The task
Within the records below is a range that opens at the line with "Here select your" and closes at the line with "As you can see, the". Return that range word for word, both ends included, and only that range.

Data provided
..........

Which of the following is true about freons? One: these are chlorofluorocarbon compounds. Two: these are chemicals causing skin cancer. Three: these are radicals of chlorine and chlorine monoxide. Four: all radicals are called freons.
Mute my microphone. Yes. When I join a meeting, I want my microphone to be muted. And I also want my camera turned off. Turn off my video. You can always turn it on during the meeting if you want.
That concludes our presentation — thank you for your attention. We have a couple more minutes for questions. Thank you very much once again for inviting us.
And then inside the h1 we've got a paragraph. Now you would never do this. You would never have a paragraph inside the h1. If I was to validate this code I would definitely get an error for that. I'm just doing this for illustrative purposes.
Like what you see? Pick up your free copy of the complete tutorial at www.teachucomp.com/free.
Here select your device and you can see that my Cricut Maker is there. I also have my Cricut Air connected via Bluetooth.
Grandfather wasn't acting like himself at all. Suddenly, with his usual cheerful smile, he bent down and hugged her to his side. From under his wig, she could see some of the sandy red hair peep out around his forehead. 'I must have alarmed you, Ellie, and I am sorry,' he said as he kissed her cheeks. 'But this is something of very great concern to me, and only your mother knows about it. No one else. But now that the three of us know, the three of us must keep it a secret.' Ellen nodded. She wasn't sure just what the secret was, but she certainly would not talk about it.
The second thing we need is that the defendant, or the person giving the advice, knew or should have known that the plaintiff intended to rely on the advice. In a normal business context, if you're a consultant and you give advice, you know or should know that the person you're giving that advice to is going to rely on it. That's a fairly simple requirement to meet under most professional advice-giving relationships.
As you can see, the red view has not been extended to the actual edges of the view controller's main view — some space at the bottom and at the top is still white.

..........

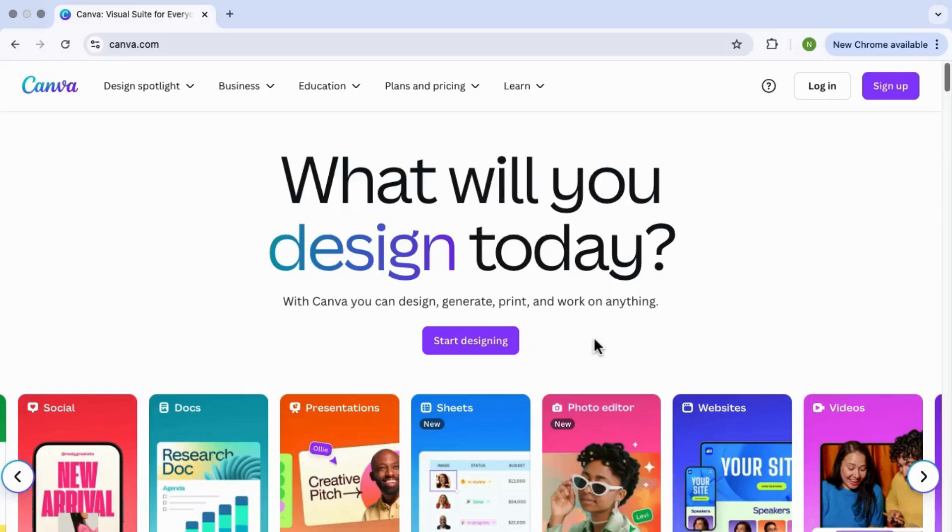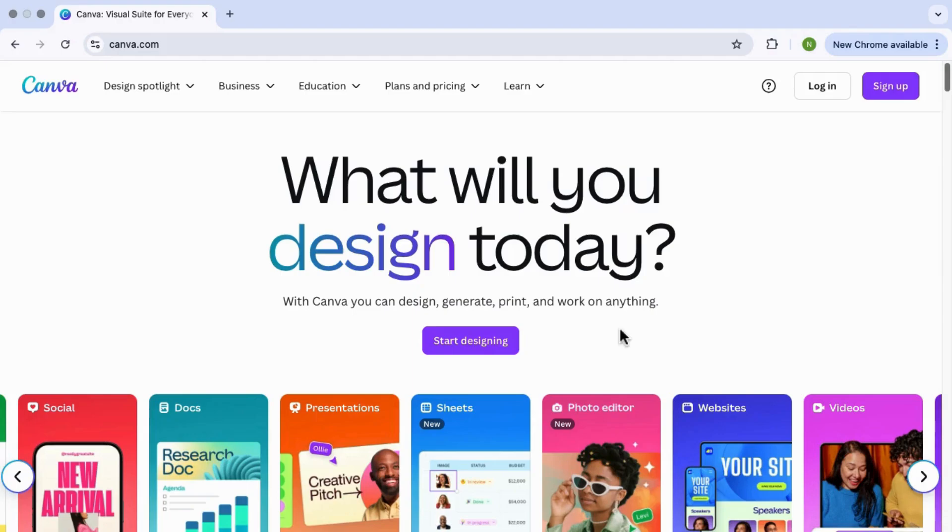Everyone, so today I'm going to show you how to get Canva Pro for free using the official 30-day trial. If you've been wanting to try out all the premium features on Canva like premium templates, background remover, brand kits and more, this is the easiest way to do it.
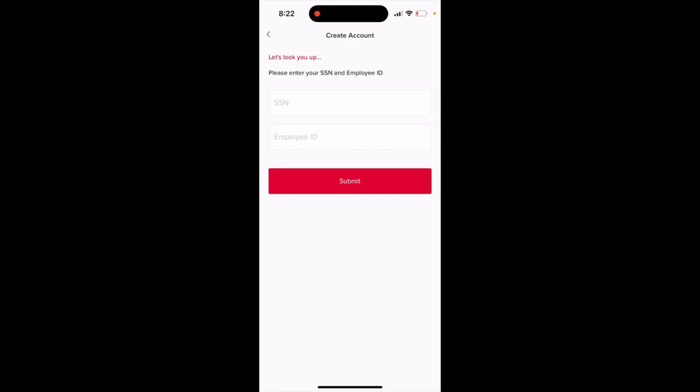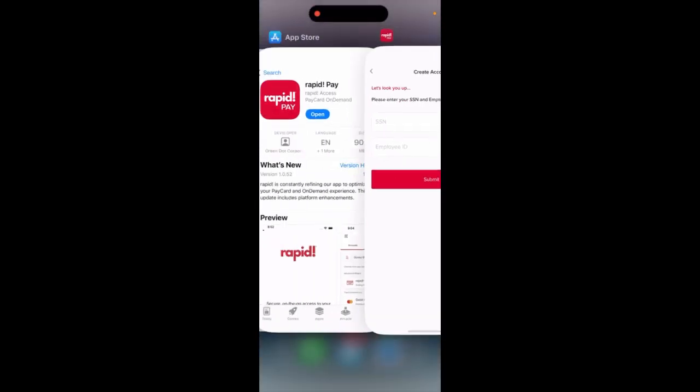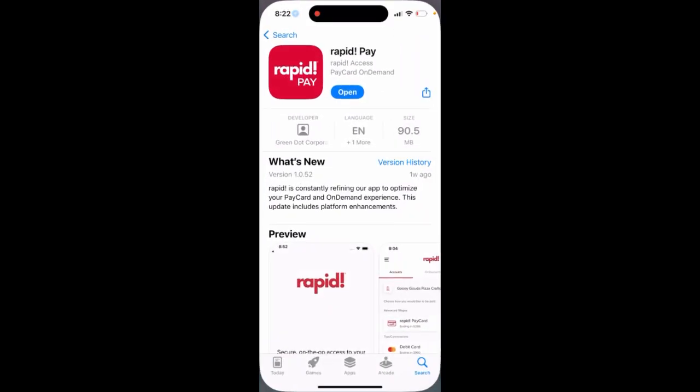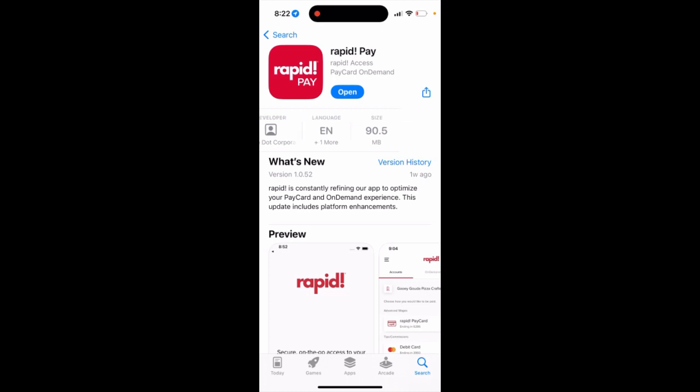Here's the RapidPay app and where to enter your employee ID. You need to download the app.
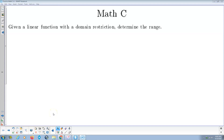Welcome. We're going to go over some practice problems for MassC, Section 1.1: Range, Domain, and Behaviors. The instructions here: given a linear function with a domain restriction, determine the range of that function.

..........

The answer
Here select your device and you can see that my Cricut Maker is there. I also have my Cricut Air connected via Bluetooth.
Grandfather wasn't acting like himself at all. Suddenly, with his usual cheerful smile, he bent down and hugged her to his side. From under his wig, she could see some of the sandy red hair peep out around his forehead. 'I must have alarmed you, Ellie, and I am sorry,' he said as he kissed her cheeks. 'But this is something of very great concern to me, and only your mother knows about it. No one else. But now that the three of us know, the three of us must keep it a secret.' Ellen nodded. She wasn't sure just what the secret was, but she certainly would not talk about it.
The second thing we need is that the defendant, or the person giving the advice, knew or should have known that the plaintiff intended to rely on the advice. In a normal business context, if you're a consultant and you give advice, you know or should know that the person you're giving that advice to is going to rely on it. That's a fairly simple requirement to meet under most professional advice-giving relationships.
As you can see, the red view has not been extended to the actual edges of the view controller's main view — some space at the bottom and at the top is still white.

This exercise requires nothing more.